Le rachat par Casino des 50% de Monoprix détenus par les Galeries Lafayette, la sortie de Lagardère de Canal + et le combat sanglant l’opposant à Vivendi, le conflit épique entre LVMH et Hermès… ces trois contentieux emblématiques ont en commun d’avoir été réglés par voie amiable à l’initiative du Tribunal de commerce de Paris. Alors que les parties y étaient entrées pour en découdre, elles en sont ressorties par la vertu d’un accord transactionnel. Une telle issue est désormais pratique courante. Sous l’impulsion de son Président, Frank Gentin, le Tribunal de commerce de Paris est devenu le fer de lance d’une justice commerciale négociée. L’accord de volontés remplace l’imperium du juge. Les chiffres sont éloquents : en moins de deux ans, le nombre de dossiers ayant donné lieu à solution amiable a été multiplié par 10. 700 affaires ont ainsi fait l’objet d’une procédure de conciliation depuis le début de l’année. L’ambition est même d’instaurer une Chambre de conciliation, gare de triage qui permette de sélectionner les contentieux susceptibles d’être réglés à l’amiable. Mésententes entre actionnaires, conflits familiaux à implication commerciale, litiges clients-fournisseurs ou encore actions en responsabilité à la suite de pratiques anticoncurrentielles, la voie transactionnelle permet de préserver les relations d’affaires entre les parties, évite de faire peser sur leurs comptes des provisions lourdes et sclérosantes, ménage leur réputation et, avec elle, celle de la Place de Paris. Elle plaît également aux avocats, qui évitent l’aléa judiciaire tout en défendant les intérêts de leurs clients.

En soi, la voie négociée n’est pas nouvelle : la conciliation relève de l’office du juge – l’article 21 du Code de procédure civile l’affirme sobrement : « il entre dans la mission du juge de concilier les parties ». Le juge n’est pas seulement ce tiers impartial chargé de trancher un conflit ; il est aussi le mieux placé pour éviter que le procès n’aille à son terme. Depuis 20 ans, l’essor des modes alternatifs de résolution des conflits en a d’ailleurs montré les vertus, humaines et financières pour les parties, budgétaires pour le service public de la justice.

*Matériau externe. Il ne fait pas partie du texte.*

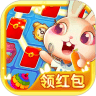我的網(wǎng)店紅包版app下載安裝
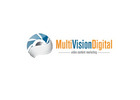 Multivision Digital
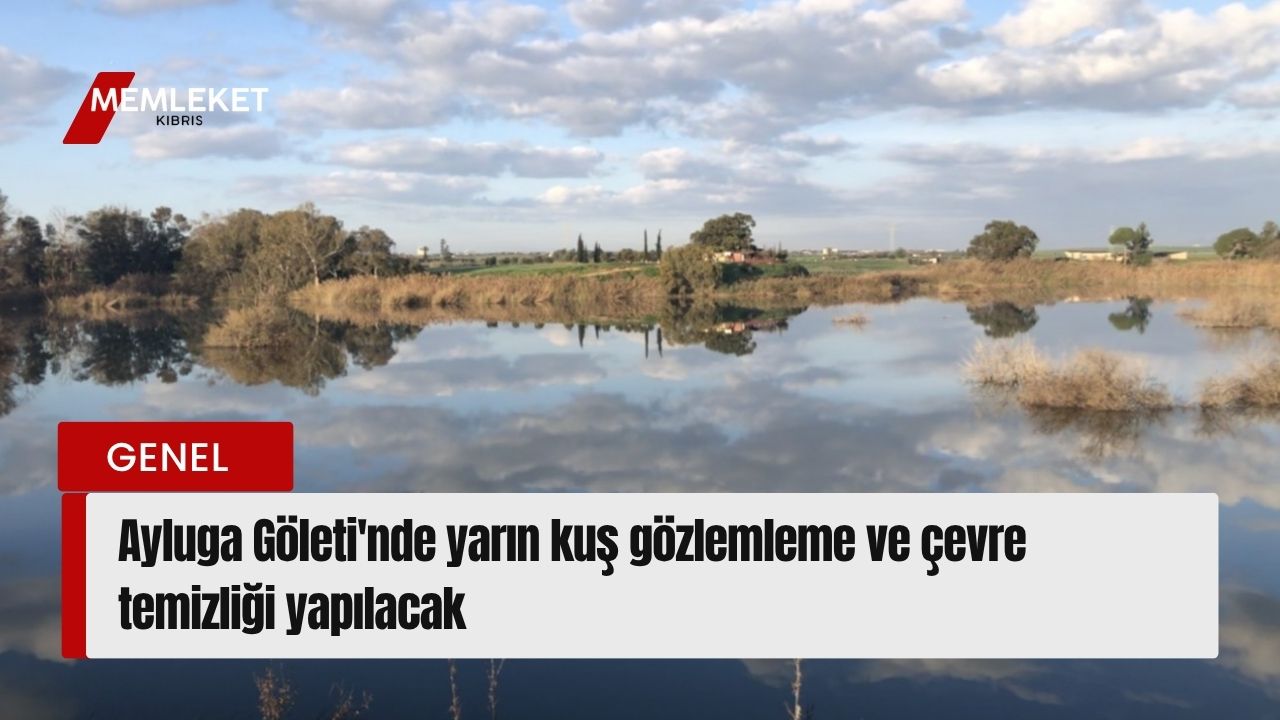Kırmızı Sade Ekonomi Haber Manşeti Youtube Küçük Resmi - 2026-10-09T115824.460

L’initiative fait désormais des émules auprès des autres tribunaux de commerce. Elle pourrait devenir source d’inspiration pour la justice civile : dans le cadre des priorités d’actions pour la Justice au XXIe siècle, la Garde des sceaux préconise de faciliter « l’accès du citoyen à des modes négociés de résolution des litiges ».

Une telle pratique soulève certes des questions de formation – le bon juge n’est pas nécessairement un bon conciliateur -, aussi bien que de procédure – confidentialité du processus au sein de la juridiction, issue du litige en cas d’échec de la négociation… Il reste que le Tribunal de commerce, auquel on reproche de façon récurrente de ne pas être composé de magistrats de métier, a trouvé ici comment tirer le meilleur profit du pragmatisme de ses juges consulaires.